NumPy Supports Multithreaded Parallelism

April 16, 2023 Concurrent NumPy

Some NumPy functions run in parallel and use multiple threads, by default.

Parts of NumPy are built on top of a standard API for linear algebra operations called BLAS and BLAS libraries make use of multiple threads to speed up some operations by default.

As such, your installation of NumPy almost certainly already supports parallelism.

In this tutorial, you will discover multithreaded parallelism in NumPy.

Let's get started.

NumPy Supports Parallelism By Default

NumPy is a Python library for fast array operations.

It is built on top of a library that provides the speed of execution and provides an extensive suite of array operations.

When you installed the NumPy library, it is probably installed with support for parallelism. That is, NumPy will perform many operations in parallel using threads, when possible.
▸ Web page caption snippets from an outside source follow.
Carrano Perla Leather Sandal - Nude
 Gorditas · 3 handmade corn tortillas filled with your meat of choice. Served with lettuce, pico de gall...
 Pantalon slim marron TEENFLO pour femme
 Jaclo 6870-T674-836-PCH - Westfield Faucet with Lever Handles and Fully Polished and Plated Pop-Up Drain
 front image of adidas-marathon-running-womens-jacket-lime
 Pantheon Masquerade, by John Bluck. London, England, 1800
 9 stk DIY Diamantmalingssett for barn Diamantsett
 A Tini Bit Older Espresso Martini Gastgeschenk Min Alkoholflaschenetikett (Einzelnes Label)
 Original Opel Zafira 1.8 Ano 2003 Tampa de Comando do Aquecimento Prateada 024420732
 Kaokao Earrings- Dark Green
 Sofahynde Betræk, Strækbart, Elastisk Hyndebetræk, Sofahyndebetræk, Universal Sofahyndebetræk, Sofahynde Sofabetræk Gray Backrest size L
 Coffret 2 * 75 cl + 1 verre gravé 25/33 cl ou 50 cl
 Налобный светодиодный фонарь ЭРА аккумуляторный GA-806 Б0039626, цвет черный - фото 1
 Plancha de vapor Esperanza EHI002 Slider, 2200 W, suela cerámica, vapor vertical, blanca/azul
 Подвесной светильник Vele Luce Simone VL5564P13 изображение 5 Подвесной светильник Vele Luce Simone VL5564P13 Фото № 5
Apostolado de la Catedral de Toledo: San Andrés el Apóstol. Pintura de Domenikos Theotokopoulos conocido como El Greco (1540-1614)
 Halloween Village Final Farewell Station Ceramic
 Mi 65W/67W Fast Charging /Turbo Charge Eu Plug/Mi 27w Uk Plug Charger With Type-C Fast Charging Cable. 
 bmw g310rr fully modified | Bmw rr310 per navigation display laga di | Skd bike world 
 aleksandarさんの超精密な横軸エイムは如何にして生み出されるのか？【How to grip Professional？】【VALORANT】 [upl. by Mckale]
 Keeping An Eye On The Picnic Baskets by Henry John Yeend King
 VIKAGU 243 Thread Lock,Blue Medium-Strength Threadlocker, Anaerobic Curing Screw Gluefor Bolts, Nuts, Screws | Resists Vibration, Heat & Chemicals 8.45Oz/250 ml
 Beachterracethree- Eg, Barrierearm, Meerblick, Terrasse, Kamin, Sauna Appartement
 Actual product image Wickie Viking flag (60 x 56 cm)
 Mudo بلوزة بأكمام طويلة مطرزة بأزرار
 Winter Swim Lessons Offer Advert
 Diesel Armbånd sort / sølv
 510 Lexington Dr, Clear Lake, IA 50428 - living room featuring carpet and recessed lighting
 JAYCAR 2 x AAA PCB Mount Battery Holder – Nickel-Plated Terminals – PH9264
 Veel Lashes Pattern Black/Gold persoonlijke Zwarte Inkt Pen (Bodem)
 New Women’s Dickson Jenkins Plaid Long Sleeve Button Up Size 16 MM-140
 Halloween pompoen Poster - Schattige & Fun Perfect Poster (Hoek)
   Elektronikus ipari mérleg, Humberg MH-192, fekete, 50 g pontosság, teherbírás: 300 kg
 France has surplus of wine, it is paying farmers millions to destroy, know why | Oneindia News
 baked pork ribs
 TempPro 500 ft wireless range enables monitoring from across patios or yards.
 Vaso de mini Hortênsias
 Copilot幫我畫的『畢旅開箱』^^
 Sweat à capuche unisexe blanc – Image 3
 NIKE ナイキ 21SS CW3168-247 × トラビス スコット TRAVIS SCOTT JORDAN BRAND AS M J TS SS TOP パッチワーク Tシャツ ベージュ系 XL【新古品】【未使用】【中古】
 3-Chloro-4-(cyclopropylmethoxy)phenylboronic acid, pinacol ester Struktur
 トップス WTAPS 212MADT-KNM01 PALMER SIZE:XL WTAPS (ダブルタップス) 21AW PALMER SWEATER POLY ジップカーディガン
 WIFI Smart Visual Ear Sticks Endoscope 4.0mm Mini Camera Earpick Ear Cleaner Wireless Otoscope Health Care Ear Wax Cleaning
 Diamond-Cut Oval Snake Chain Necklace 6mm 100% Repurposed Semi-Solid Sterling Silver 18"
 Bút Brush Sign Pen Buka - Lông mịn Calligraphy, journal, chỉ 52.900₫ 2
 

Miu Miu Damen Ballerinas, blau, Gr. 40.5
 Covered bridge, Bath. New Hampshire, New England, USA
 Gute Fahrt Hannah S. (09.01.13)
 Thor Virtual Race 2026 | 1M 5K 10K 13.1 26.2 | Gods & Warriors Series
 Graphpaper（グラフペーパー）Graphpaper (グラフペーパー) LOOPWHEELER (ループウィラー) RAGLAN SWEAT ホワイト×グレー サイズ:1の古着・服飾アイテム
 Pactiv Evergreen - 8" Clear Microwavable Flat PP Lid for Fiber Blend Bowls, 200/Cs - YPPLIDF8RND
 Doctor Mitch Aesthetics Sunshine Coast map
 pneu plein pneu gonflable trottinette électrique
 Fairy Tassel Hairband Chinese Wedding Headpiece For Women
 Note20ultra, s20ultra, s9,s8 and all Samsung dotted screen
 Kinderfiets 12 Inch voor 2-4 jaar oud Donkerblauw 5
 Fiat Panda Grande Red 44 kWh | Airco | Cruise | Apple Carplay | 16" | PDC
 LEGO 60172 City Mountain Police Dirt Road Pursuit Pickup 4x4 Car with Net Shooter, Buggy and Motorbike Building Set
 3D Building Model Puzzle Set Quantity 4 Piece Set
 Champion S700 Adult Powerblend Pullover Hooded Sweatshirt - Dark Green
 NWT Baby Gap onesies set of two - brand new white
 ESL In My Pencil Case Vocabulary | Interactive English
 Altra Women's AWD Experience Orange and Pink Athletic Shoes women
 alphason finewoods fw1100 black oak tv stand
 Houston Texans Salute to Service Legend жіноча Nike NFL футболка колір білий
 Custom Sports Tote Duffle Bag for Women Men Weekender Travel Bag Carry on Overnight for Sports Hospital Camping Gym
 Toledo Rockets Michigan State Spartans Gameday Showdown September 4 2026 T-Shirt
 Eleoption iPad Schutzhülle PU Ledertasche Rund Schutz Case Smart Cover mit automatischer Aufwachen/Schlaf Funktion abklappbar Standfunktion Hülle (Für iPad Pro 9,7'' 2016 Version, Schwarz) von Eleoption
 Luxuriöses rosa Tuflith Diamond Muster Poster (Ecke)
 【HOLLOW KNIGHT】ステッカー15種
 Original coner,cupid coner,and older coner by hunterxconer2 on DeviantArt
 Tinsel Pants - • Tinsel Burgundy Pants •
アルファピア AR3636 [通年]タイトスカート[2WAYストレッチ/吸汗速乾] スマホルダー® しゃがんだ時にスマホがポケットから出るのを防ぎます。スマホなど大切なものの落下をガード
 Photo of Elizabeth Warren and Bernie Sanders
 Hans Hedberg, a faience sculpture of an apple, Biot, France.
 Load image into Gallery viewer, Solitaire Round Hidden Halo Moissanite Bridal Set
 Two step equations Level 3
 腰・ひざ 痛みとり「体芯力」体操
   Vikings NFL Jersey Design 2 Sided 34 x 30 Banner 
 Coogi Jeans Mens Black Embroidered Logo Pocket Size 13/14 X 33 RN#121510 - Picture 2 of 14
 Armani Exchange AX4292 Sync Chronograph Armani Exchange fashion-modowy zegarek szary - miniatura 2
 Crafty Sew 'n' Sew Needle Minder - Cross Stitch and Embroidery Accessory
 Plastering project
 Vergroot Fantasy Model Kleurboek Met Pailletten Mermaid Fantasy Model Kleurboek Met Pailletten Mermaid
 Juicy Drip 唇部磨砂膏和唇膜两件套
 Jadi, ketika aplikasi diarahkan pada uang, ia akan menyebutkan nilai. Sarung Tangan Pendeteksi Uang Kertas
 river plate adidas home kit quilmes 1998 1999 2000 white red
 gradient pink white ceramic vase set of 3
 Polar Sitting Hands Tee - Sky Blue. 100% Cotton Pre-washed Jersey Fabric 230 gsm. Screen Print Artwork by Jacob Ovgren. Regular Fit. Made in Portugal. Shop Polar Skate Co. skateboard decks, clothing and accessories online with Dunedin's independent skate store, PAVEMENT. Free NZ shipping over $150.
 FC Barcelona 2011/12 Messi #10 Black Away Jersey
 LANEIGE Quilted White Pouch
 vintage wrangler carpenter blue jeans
NumPy executes array operations using a library with a standardized interface for array operations called BLAS, which stands for "Basic Linear Algebra Subprograms".

The BLAS (Basic Linear Algebra Subprograms) are routines that provide standard building blocks for performing basic vector and matrix operations. The Level 1 BLAS perform scalar, vector and vector-vector operations, the Level 2 BLAS perform matrix-vector operations, and the Level 3 BLAS perform matrix-matrix operations. Because the BLAS are efficient, portable, and widely available, they are commonly used in the development of high quality linear algebra software, LAPACK for example.
-- BLAS (Basic Linear Algebra Subprograms)

There are a number of implementations of the BLAS API, implemented in C and FORTRAN for speed.

You can learn more about BLAS and LAPACK support in numpy in the tutorial:

What is BLAS and LAPACK in NumPy

Common implementations of the library include open-source implementations like OpenBLAS and ATLAS (Automatically Tuned Linear Algebra Software), and proprietary implementations such as MKL (Math Kernel Library).

You can learn more about third-party libraries that implement BLAS in the tutorial:

NumPy BLAS/LAPACK Libraries

You probably have OpenBLAS installed as your implementation of BLAS for use with NumPy. It's the preferred and therefore most common BLAS library at the time of writing.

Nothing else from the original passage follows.